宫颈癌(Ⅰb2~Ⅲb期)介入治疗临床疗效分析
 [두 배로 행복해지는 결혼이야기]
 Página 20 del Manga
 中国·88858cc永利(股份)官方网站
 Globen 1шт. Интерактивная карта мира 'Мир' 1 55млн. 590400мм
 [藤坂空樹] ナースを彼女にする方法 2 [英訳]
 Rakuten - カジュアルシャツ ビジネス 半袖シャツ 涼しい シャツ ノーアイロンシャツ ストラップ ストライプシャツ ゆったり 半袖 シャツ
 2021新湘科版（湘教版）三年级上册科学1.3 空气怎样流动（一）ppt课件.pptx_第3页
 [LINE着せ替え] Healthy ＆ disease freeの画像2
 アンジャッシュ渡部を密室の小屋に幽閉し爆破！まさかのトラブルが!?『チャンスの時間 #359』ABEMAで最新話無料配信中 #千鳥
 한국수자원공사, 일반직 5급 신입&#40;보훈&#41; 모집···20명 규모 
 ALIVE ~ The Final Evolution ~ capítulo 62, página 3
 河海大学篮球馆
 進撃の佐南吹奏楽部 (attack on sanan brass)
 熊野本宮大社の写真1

### WHAT THE EXERCISE ASKS:
Extract every line from the one containing "2021新湘科版（湘教版）三" to the end of the entries, including both of those lines, exactly as given and with nothing added.

### THE COMPLETED TASK:
 2021新湘科版（湘教版）三年级上册科学1.3 空气怎样流动（一）ppt课件.pptx_第3页
 [LINE着せ替え] Healthy ＆ disease freeの画像2
 アンジャッシュ渡部を密室の小屋に幽閉し爆破！まさかのトラブルが!?『チャンスの時間 #359』ABEMAで最新話無料配信中 #千鳥
 한국수자원공사, 일반직 5급 신입&#40;보훈&#41; 모집···20명 규모 
 ALIVE ~ The Final Evolution ~ capítulo 62, página 3
 河海大学篮球馆
 進撃の佐南吹奏楽部 (attack on sanan brass)
 熊野本宮大社の写真1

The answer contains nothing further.